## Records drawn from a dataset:
BEGIN

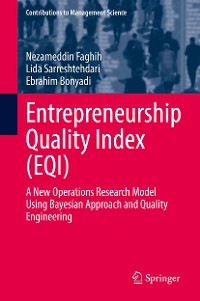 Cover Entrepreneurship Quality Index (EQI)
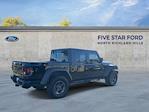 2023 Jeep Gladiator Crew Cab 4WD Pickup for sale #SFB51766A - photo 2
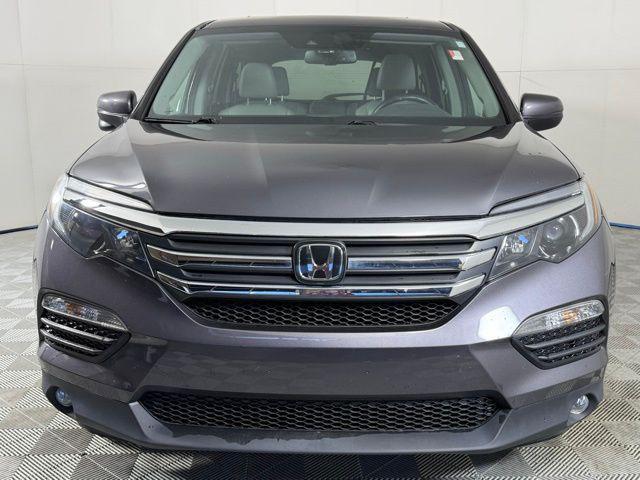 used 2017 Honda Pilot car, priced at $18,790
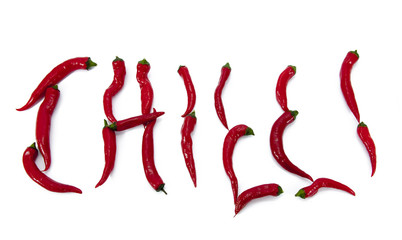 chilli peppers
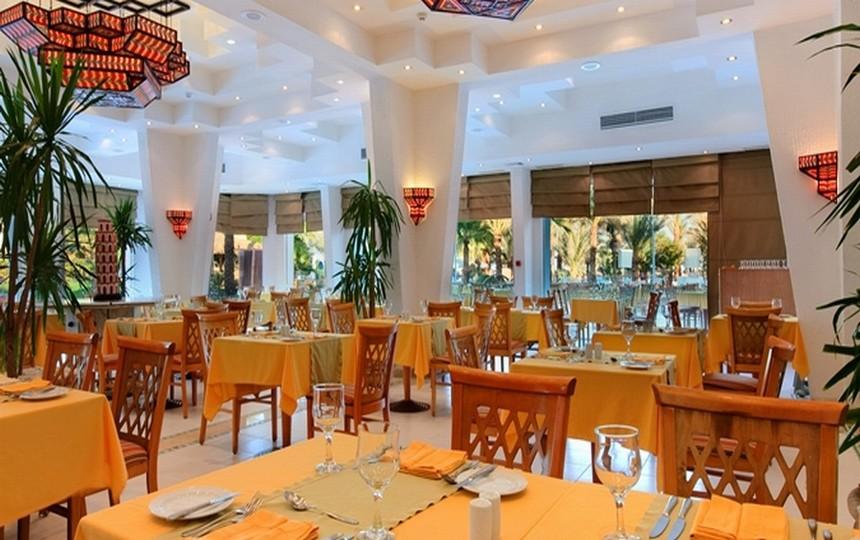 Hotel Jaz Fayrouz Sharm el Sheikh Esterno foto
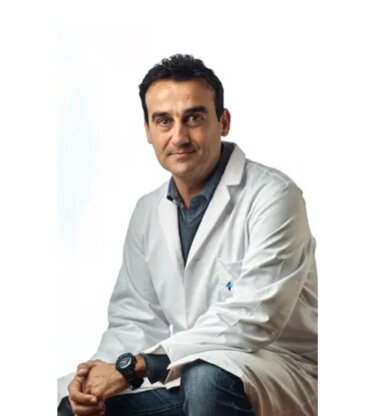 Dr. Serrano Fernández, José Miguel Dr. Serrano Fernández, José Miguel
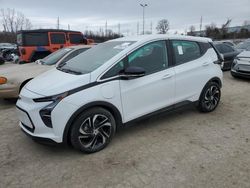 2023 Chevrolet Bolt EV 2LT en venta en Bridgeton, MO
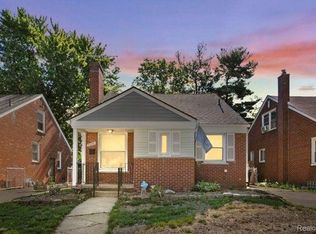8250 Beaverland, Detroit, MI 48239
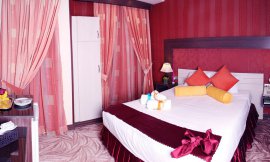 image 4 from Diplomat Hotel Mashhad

END

## What to do:
None of the pictures should appear, though every line of the data above must be reproduced exactly.

## Solved problem:
 Cover Entrepreneurship Quality Index (EQI)
 2023 Jeep Gladiator Crew Cab 4WD Pickup for sale #SFB51766A - photo 2
 used 2017 Honda Pilot car, priced at $18,790
 chilli peppers
 Hotel Jaz Fayrouz Sharm el Sheikh Esterno foto
 Dr. Serrano Fernández, José Miguel Dr. Serrano Fernández, José Miguel
 2023 Chevrolet Bolt EV 2LT en venta en Bridgeton, MO
8250 Beaverland, Detroit, MI 48239
 image 4 from Diplomat Hotel Mashhad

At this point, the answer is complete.